Ward also computed the comparable sales prices in terms of dollars per square foot of building structure on the sites to reflect the density factor, concluding that the Ashford-Dunwoody Farm would have a value of $15 per square foot if it were zoned as anticipated. Ward also subtracted 2.6905 acres as useless land for purposes of this computation because of its proximity to the homesites and arrived at an appraised value for the farm of $7,266,225 (484,415 sq. ft. X $15 per sq. ft.) if sold subject to rezoning.

Rounding the figures produced by the two methods of computation, Ward concluded that $7.2 million represented the value of the farm subject to rezoning. Ward discounted this figure by 10 percent for cost and risk involved in rezoning and an additional factor of 5 percent for “reduced flexibility in land planning schemes” resulting from the omission of the homesites, and concluded that the Ashford-Dunwoody Farm had a value “as is” of $6,120,000 on the date of decedent’s death.

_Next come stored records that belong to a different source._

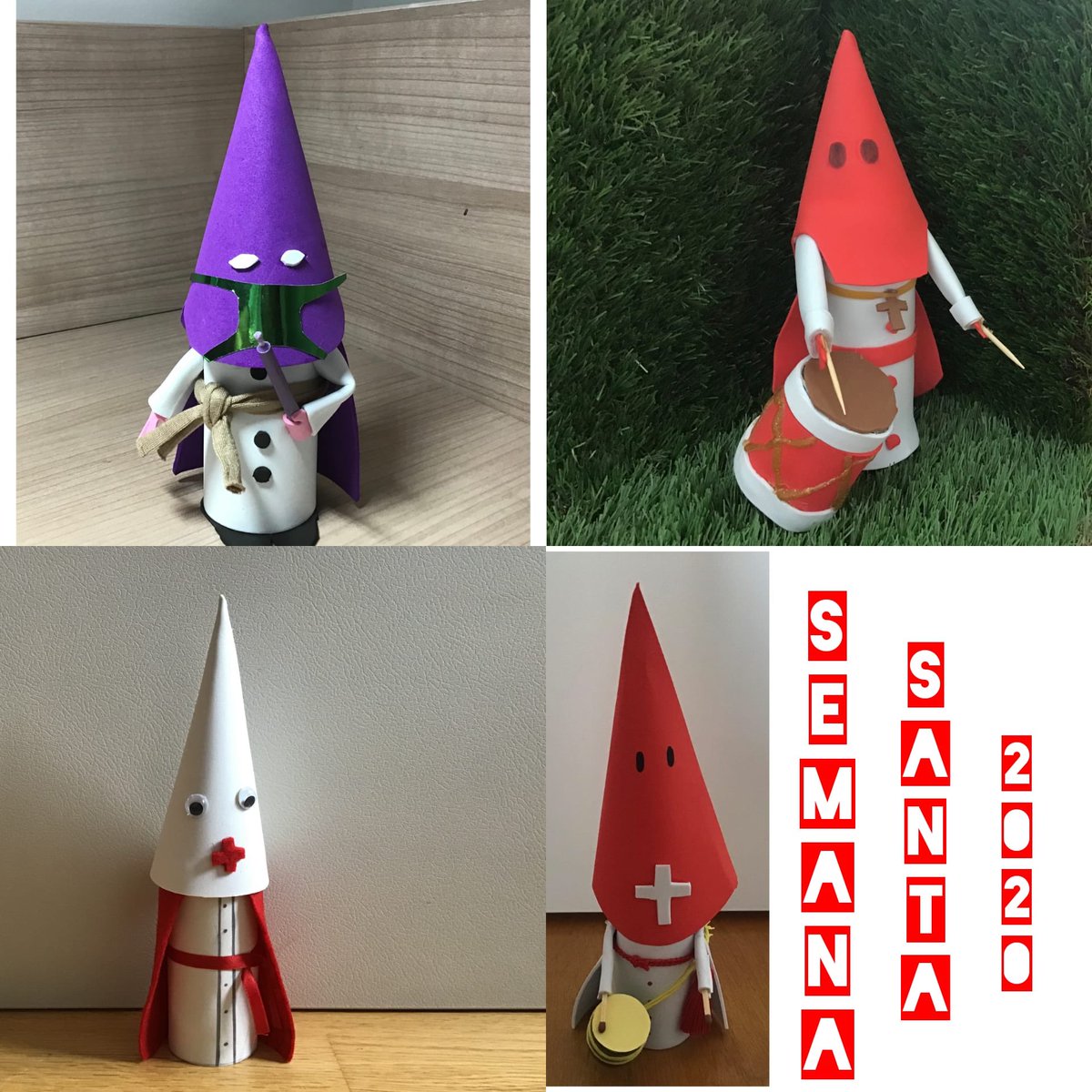 colegiocondes's tweet photo. Cofrades realizados por los alumnos de 6º de Primaria en estas vacaciones de Semana Santa... Hoy hemos hecho una exposición de fotos ¡Buen trabajo! #ColeCondes #SomosCondes #CondesSeQuedaEnCasa #JuntosLoConseguiremos https://t.co/FpUZeeuhOS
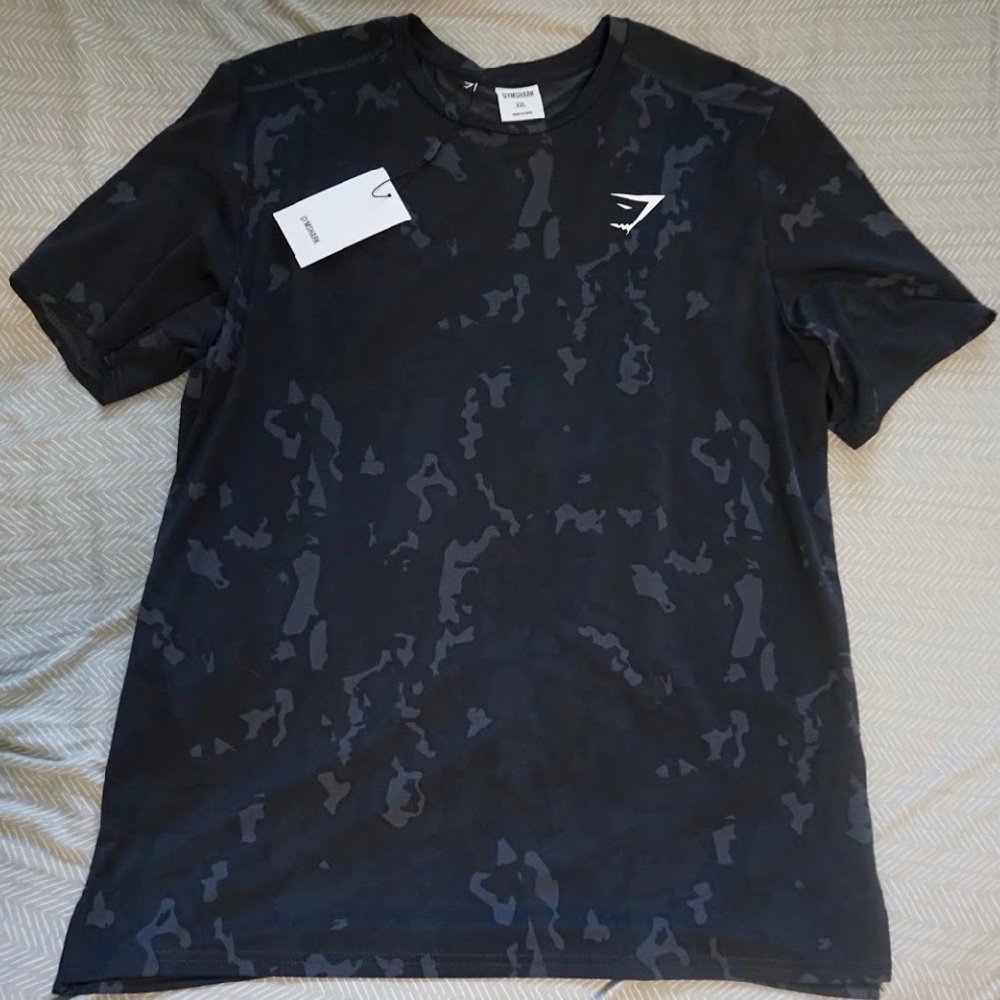 Gymshark Mens Camo Shirt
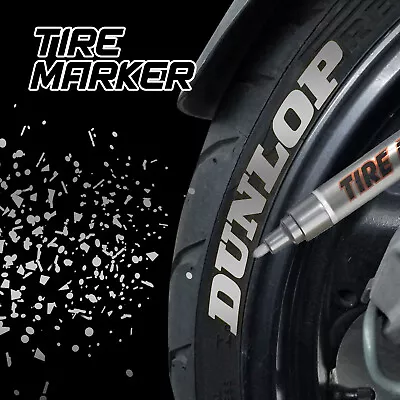 Silver Rubber Tire Marker Permanent Paint Pen Oil Base Waterproof Motorcycle Car • $17.95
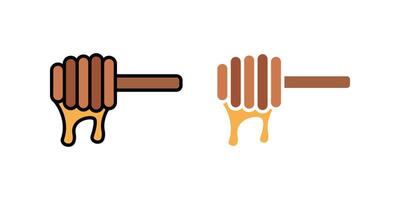 Honey icon set. for mobile concept and web design on white background vector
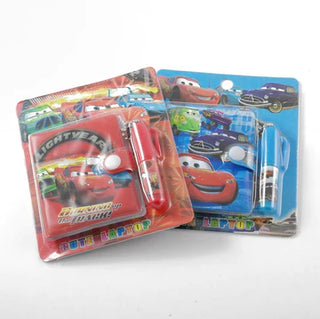 Cute Mini Cars Design Pocket Diary with Pen for Kids (Random Colour)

We have found Ward’s expert opinion particularly helpful in our analysis. While we realize that he had the benefit of considerable hindsight in preparing his appraisal, Ward’s conclusion that the Ashford-Dunwoody Farm could be rezoned to O-I at the prevailing rate of 30 percent was well supported by the Dillard report and several witnesses. In addition, Ward chose comparable sales which occurred prior to or a few months after the valuation date (October 5, 1980). Just as with Kenyon’s testimony, respondent failed to discredit Ward’s appraisal on cross-examination.

We think, however, that Ward exaggerated the negative effects of the exclusion of the homesites in arriving at his final figure. Ward first appraised the value of the Ashford-Dunwoody Farm without the homesites. He then subtracted an additional 2.69 acres which he considered as rendered useless by the exclusion of the homesites. Finally, he discounted the value by. 10 percent to further reflect the disadvantage of purchasing the property without the homesites. While we appreciate the negative impact on the value of the property attributable to the exclusion of the homesites,31 we would subtract no acreage but would apply a discount for this factor.

Ward further discounted the value of the Ashford-Dunwoody Farm by 5 percent to reflect the shift in costs and risk of rezoning from the seller (property sold subject to rezoning) to the purchaser (properly sold “as is”). While we agree that, in general, property sold subject to rezoning would command a higher price than property sold “as is,” we accept Dillard’s report that on October 5, 1980, a reasonable probability existed that the subject property could be rezoned to O-I at the then prevailing density.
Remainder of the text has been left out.